Cost bypass is a common expression in the mobile industry; in a cost bypass situation, the creditor is not able to get paid part or the full amount due. This happens for example when message routing information is manipulated so that the party in credit cannot perform billing, or when a fraudulent entity uses free SMS retail bundles to send bulk enterprise messages (SIM Farms), or when roaming links with free termination are used for the same scope, the MNO in credit won’t receive payments for that traffic.
Analysts estimate that fraud and costs bypass result in over $6b A2P revenue losses per year. Full enterprise messaging monetization seems to become a moving target.
Most enterprise cost bypass occurs on P2P links and we are a long way from adopting efficient measures to combat homogenous fraud.
This all is due to several factors and challenges that Mobile Network Operators (MNOs) face across all business areas.

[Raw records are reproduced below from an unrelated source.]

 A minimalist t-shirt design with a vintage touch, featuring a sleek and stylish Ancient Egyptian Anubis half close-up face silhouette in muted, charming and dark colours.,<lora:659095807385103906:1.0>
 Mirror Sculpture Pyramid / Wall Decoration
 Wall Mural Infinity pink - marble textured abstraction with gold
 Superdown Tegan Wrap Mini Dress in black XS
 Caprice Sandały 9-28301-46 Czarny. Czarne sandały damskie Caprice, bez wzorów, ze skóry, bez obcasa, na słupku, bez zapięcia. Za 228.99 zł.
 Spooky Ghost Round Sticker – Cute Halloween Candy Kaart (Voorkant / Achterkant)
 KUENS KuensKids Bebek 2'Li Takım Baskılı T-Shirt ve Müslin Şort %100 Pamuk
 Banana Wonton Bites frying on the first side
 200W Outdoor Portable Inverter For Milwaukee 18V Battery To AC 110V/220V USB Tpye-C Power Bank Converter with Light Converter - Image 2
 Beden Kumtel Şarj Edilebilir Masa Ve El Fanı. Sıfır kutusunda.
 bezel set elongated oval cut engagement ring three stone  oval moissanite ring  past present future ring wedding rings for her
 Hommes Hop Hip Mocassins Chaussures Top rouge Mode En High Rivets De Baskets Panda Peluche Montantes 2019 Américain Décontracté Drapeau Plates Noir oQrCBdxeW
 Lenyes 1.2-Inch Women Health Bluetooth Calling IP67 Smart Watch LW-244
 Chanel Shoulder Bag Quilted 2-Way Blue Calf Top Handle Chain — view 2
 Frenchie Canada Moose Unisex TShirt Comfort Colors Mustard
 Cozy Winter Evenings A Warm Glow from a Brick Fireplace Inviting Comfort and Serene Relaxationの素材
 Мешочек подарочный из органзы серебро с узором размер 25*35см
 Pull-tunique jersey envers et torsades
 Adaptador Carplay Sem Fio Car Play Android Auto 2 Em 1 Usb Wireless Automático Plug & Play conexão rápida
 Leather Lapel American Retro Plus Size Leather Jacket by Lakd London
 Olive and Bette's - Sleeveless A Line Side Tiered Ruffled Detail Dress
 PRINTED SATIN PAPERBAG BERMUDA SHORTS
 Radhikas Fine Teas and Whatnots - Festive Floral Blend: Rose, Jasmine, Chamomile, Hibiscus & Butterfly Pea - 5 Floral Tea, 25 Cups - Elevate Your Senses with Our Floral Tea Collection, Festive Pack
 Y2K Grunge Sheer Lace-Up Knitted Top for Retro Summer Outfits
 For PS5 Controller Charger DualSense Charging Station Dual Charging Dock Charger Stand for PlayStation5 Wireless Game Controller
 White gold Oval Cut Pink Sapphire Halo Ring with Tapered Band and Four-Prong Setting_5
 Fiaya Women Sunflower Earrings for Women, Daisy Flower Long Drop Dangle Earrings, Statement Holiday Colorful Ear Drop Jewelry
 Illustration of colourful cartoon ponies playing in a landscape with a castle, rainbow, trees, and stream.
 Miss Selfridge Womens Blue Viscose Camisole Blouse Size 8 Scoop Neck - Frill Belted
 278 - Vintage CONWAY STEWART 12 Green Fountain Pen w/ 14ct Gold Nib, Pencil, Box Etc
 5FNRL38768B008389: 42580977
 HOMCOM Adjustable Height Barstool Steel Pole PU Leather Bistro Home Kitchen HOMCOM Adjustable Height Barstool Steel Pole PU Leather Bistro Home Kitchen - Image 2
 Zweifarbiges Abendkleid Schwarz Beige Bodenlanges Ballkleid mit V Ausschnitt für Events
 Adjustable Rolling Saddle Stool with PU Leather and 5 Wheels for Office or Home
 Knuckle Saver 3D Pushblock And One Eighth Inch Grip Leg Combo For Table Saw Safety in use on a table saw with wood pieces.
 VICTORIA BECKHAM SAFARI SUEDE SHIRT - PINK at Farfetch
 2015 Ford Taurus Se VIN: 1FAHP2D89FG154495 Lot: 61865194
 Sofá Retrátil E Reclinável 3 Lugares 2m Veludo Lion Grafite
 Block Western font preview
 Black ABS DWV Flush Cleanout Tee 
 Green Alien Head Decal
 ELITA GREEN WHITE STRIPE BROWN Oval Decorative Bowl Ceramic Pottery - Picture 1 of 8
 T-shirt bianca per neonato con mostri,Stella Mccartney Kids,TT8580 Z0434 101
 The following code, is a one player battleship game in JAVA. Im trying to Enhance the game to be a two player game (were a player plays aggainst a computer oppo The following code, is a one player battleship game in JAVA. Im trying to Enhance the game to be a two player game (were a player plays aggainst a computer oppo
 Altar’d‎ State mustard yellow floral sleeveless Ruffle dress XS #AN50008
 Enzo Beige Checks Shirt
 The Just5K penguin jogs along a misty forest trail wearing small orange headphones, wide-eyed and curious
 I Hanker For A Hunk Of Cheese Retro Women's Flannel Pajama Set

Obstacles to monetization can vary even between operators in the same country, I’ll summarize below the ones that I find most relevant.
Six barriers to A2P monetization
- Wrong perception of risks: ‘You don’t know what you don’t see’
MNOs generally estimate A2P revenues leakage to be about 10% of their A2P revenues – in reality most cases show higher losses. This incorrect perception is partly due to the lack of visibility MNOs have regarding their traffic. For example, it is not uncommon that an operator only monetizes 30% of their A2P potential because of poor protection on its international P2P links. P2P links are intended to transport personal communication only, but because these routes are usually cheaper or even free, they are often used to bypass costs.
- Different Business Drivers
Believe it or not, corporate internal politics can cause enterprise revenue leakages. If you are responsible for the P2P revenues and you know that a portion of your revenues is generated by A2P SMS terminating over P2P links – as a consequence of locking or re-routing Enterprise SMS in P2P traffic, P2P traffic and revenues will unavoidably decrease. P2P Managers are therefore, demotivated from prioritizing A2P monetization projects impacting on their revenues.
- Pricing strategies limitations and the Big Brother
Leveraging A2P and P2P prices is a very basic but efficient means to control cost bypass. Applying similar rates to message termination independent from SMS type, removes fraudsters motivation to bypass costs. However, the downside is that this practice would substantially restrict tariffing flexibility (no free SMS etc.).
Furthermore, in countries with stringent regulations in place, P2P termination rates are typically capped to very low amounts (0,00X USD), A2P prices leverage to such rates wouldn’t be commercially acceptable.
- Weak Legal Regulations
It often occurs that pre-existing contracts, typically with local competitors don’t specifically forbid enterprise messaging termination over domestic P2P links. Where these domestic P2P links are cheaper than A2P rates, these routes will be used to reach the concerned operators due to the lower costs.
- Inadequate Technical Solutions
Last but not least, technical solutions are crucial to combat fraud and assure revenues but as much as about 50% of MNOs worldwide have inadequate or no measures in place (source ROCCO at MEF Nov. 18).
On the other side of the spectrum, anti-fraud solutions proliferate in the mobile market but only a few providers can offer carrier grade solutions. Successful fraud-busting MNOs implement a mix of in-house solutions with a 3rd party Firewall. In addition, they often have an experienced team in place dedicated to Messaging Revenue Assurance.
When implementing, enhancing or replacing their anti-fraud system(s) there is a long list of features an Operator should look into. If you’re interested, please keep tuned as I’ll talk about this topic in a future blog.
- Good tools… what about maintenance?
You might think that an operator has control over it’s messaging traffic when suitable tools are in place, but it is pretty common that bypass still persists or re-occurs soon after measures are implemented. Fraudsters tireless efforts to enhance bypass techniques are rarely opposed by equivalent measures on the operator’s side to combat this fraud. Firewall maintenance tasks for example, require specialized personnel and daily attention but, in the era of 5G launches and trials, these requirements are often overlooked.